Amplicon Sequencing & Reads Per Sample (Coverage)
 
Hello,

Is there a "best" way to normalise and pool amplicon samples to acquired even, or balanced read coverage. Otherwise known as getting the same "reads per sample" for each of the pooled samples? We often end up with stochastic coverage despite our best efforts. I'm looking for a better way...

Thanks,
Andor

GenoMax 03-15-2017 05:15 AM

Can you add information about the size ranges of amplicons?

cement_head 03-15-2017 07:24 AM

Hello,

For example, 16S V4: about 350 bp (total length). We are using the Earth Microbiome Project protocol.

Regards,
Andor

kmcarr 03-15-2017 07:59 AM

Quote:

Originally Posted by cement_head (Post 205271)
Hello,

Is there a "best" way to normalise and pool amplicon samples to acquired even, or balanced read coverage. Otherwise known as getting the same "reads per sample" for each of the pooled samples? We often end up with stochastic coverage despite our best efforts. I'm looking for a better way...

Thanks,
Andor

Don't focus as much on "same reads per sample" but more on "enough reads per sample" even if the sample-to-sample count varies.

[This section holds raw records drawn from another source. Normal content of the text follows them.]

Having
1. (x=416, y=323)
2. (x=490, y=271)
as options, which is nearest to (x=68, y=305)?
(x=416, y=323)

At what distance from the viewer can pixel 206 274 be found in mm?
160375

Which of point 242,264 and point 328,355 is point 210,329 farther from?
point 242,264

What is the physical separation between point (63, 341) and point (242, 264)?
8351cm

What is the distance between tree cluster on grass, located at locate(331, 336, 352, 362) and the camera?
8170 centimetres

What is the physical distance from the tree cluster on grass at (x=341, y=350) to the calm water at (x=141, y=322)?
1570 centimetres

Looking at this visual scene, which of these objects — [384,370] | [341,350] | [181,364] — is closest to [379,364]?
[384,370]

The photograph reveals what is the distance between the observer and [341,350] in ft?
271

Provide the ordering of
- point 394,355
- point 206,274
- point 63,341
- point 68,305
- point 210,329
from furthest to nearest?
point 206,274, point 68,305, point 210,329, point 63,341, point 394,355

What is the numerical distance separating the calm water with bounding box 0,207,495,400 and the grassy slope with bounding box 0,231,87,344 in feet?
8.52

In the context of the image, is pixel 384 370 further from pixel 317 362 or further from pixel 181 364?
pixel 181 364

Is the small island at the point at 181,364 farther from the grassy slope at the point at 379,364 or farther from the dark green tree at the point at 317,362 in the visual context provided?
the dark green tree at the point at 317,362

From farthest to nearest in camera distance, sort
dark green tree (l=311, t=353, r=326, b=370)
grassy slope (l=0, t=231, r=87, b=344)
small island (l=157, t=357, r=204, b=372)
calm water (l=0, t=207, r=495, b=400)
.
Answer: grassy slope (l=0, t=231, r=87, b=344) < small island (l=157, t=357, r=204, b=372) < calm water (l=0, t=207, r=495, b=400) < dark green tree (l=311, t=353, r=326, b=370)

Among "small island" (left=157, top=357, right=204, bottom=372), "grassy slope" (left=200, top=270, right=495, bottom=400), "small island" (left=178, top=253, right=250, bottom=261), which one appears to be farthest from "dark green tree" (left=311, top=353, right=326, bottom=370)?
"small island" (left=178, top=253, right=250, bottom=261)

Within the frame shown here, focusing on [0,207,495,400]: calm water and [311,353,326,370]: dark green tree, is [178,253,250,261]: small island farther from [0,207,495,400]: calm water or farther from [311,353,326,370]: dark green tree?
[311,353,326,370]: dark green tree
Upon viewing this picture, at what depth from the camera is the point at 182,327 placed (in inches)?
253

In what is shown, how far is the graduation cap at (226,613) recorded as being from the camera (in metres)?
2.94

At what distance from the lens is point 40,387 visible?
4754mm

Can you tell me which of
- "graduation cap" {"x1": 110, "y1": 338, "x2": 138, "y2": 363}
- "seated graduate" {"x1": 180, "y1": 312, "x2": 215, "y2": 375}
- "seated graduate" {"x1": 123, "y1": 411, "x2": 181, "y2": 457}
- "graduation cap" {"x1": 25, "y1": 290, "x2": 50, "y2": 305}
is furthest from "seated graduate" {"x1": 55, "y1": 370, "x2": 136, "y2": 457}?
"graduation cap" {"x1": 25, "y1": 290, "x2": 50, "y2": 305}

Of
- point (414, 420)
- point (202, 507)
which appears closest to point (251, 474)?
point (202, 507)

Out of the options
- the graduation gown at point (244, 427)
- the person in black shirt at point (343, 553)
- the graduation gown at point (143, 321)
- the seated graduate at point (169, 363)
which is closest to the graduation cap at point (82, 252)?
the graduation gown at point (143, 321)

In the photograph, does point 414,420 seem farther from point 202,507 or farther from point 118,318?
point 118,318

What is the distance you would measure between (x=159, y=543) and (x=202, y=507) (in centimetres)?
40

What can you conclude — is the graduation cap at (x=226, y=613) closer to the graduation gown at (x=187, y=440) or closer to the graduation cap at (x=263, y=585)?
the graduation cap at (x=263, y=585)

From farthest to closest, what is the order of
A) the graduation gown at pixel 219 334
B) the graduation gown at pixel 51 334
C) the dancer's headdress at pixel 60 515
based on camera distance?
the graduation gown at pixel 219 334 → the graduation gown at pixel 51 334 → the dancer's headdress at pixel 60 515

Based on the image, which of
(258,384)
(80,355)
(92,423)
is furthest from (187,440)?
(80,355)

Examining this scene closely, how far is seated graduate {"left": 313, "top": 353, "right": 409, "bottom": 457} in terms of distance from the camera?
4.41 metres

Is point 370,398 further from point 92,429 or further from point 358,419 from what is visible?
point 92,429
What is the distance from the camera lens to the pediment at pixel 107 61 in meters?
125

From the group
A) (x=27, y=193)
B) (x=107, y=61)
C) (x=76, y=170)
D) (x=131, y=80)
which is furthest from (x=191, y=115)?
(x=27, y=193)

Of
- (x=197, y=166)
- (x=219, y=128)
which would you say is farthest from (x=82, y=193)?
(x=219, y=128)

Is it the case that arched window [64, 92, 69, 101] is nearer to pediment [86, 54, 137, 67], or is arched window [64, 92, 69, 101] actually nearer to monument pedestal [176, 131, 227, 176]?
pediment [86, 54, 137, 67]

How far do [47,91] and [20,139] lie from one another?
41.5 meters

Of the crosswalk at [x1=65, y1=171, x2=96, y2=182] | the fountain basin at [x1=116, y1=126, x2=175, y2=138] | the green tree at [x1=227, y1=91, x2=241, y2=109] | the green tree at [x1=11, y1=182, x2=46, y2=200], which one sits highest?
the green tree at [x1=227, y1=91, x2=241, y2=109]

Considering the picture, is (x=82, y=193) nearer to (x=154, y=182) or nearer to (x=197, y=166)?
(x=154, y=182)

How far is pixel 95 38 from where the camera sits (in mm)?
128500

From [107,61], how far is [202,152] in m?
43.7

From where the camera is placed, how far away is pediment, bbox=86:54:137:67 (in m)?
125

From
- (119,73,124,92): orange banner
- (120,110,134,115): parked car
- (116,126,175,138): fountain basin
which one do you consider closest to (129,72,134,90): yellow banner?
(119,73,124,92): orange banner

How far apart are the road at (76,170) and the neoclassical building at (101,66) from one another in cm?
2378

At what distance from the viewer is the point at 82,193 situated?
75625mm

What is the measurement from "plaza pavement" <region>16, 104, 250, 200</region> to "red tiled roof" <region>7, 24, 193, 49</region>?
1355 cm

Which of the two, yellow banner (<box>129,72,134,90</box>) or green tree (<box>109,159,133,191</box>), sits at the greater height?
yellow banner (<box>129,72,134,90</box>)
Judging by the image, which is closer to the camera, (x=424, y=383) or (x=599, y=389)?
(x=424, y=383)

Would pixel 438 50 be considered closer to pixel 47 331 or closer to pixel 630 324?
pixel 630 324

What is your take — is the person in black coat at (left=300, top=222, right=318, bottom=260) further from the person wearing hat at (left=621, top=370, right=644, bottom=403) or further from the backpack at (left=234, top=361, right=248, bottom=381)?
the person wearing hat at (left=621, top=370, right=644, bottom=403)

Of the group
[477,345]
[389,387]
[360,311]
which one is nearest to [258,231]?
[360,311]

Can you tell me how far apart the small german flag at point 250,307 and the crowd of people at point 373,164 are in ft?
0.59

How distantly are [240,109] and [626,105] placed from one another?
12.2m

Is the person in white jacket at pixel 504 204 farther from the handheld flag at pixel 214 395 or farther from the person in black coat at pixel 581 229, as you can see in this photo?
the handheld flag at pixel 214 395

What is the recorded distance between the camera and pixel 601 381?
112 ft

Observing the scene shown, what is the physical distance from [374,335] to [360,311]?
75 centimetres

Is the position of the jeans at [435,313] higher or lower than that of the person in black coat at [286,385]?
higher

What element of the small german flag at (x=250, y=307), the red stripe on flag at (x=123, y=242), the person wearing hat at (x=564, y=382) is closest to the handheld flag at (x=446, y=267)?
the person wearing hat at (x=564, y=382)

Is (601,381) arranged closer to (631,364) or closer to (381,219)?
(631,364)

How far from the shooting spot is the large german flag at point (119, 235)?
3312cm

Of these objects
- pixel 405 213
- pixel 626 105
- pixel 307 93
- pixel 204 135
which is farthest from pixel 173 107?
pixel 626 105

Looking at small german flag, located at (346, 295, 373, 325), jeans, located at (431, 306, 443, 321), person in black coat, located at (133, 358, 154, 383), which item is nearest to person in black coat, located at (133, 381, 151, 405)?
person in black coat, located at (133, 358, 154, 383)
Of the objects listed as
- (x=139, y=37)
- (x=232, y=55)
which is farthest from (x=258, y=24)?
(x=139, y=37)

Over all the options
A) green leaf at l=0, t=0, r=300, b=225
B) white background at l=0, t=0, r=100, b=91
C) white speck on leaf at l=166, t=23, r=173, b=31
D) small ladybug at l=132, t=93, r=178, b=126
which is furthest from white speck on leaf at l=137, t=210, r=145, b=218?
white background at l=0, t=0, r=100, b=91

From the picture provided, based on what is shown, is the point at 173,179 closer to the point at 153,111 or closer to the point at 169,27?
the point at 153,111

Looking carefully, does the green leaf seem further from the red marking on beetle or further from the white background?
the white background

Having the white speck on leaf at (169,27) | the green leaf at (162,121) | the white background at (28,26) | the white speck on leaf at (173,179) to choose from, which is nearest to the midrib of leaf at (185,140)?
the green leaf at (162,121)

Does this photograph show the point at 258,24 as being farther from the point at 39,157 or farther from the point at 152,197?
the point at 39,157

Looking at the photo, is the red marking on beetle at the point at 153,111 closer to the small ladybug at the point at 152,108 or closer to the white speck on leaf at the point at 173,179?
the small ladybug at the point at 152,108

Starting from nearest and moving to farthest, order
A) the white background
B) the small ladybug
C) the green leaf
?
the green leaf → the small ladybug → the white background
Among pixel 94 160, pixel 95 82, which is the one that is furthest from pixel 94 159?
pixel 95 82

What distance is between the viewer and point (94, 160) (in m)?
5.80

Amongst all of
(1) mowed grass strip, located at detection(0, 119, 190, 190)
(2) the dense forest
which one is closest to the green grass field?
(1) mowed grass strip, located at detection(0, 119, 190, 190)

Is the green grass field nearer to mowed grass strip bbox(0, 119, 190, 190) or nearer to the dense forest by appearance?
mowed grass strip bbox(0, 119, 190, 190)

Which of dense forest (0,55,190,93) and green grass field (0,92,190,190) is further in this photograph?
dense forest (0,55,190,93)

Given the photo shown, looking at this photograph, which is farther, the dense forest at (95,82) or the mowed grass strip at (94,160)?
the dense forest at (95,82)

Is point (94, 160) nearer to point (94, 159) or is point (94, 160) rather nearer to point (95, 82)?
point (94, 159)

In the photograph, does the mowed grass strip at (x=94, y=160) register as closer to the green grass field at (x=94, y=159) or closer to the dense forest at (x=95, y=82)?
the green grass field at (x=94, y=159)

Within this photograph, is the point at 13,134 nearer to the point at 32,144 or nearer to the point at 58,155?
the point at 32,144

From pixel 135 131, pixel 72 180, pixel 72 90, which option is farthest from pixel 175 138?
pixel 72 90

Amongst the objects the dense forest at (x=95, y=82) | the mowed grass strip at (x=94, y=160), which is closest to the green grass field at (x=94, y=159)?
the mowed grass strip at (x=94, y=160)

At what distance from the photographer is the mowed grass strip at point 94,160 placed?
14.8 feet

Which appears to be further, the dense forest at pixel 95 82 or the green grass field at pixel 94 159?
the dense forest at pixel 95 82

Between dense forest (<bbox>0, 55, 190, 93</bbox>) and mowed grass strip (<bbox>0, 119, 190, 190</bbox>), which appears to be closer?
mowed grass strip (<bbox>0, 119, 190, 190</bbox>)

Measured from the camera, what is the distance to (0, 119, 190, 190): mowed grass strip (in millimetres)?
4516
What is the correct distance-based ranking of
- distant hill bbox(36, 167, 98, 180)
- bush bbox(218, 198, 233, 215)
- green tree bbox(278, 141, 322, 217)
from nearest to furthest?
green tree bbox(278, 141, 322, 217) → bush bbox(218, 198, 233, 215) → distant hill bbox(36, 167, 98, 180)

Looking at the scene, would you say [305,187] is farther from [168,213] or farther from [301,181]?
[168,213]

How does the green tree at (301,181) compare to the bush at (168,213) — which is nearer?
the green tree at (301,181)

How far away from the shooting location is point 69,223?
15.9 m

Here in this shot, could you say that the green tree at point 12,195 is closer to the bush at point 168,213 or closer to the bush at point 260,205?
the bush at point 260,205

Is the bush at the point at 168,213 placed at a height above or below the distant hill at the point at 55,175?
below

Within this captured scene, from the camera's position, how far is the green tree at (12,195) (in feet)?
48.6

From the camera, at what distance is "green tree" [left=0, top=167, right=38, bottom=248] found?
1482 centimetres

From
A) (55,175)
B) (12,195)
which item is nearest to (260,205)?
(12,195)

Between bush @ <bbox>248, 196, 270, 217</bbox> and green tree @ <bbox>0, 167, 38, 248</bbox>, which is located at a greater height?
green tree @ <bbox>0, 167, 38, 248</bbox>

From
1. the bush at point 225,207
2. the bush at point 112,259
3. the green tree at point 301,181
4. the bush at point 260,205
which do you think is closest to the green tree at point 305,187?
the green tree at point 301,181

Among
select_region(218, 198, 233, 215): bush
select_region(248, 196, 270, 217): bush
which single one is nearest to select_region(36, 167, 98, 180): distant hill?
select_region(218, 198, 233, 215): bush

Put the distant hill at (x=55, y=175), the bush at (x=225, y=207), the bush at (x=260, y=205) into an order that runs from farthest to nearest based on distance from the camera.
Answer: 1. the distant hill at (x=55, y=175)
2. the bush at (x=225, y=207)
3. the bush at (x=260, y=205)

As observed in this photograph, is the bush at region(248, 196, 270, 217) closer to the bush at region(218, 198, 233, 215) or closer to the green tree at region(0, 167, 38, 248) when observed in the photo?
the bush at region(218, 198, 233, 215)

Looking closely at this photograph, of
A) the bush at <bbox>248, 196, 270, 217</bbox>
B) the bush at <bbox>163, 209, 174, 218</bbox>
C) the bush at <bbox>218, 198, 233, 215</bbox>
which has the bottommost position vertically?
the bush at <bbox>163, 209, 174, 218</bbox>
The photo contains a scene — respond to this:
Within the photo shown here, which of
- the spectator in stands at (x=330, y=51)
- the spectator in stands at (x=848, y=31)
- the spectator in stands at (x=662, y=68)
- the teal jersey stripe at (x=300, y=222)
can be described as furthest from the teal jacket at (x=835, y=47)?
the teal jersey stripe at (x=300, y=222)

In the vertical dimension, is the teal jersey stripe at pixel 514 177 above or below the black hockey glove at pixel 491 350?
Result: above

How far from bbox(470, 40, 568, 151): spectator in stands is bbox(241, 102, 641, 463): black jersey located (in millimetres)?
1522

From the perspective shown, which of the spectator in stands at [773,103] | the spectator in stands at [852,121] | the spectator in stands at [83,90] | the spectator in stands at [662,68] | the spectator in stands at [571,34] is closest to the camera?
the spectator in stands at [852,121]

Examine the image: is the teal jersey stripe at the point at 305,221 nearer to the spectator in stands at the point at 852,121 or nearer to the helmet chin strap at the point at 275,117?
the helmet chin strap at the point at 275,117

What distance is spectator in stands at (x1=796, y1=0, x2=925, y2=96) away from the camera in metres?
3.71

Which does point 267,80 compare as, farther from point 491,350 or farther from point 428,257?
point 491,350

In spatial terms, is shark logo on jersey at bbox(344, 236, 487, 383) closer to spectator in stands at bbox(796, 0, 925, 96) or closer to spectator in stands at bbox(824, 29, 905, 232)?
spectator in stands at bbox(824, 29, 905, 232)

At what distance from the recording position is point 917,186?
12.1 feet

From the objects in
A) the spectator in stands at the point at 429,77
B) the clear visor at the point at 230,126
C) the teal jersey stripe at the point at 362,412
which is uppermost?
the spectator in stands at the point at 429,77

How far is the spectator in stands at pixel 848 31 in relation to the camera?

When dealing with 100's of samples in a typical metagenomic experiment, individually quantifying and normalizing PCR products is unrealistic. Our lab opts for using Invitrogen SequalPrep DNA Normalization plates (https://www.thermofisher.com/order/c...oduct/A1051001). After running your PCR you dilute it in the SequalPrep binding buffer and add it to the plate. The wells are coated with something which binds dsDNA; the binding capacity is limited and your PCR products are theoretically in excess. After a short incubation you remove the excess DNA, wash and elute the bound DNA. Pooling is done as the eluted samples are collected. We do a final cleanup on the pool, QC, quantitate and sequence.

Real life experience -- the amount of DNA recovered per well is not what their spec sheet says it will be and we still may see variation of ~4-5X in the number of reads per sample (though not always this much). Also, these are pricey, about 110 USD per plate (a little over $1.00/sample). Even with these drawbacks it is a very fast and easy method to (somewhat) normalize your metagenomic libraries.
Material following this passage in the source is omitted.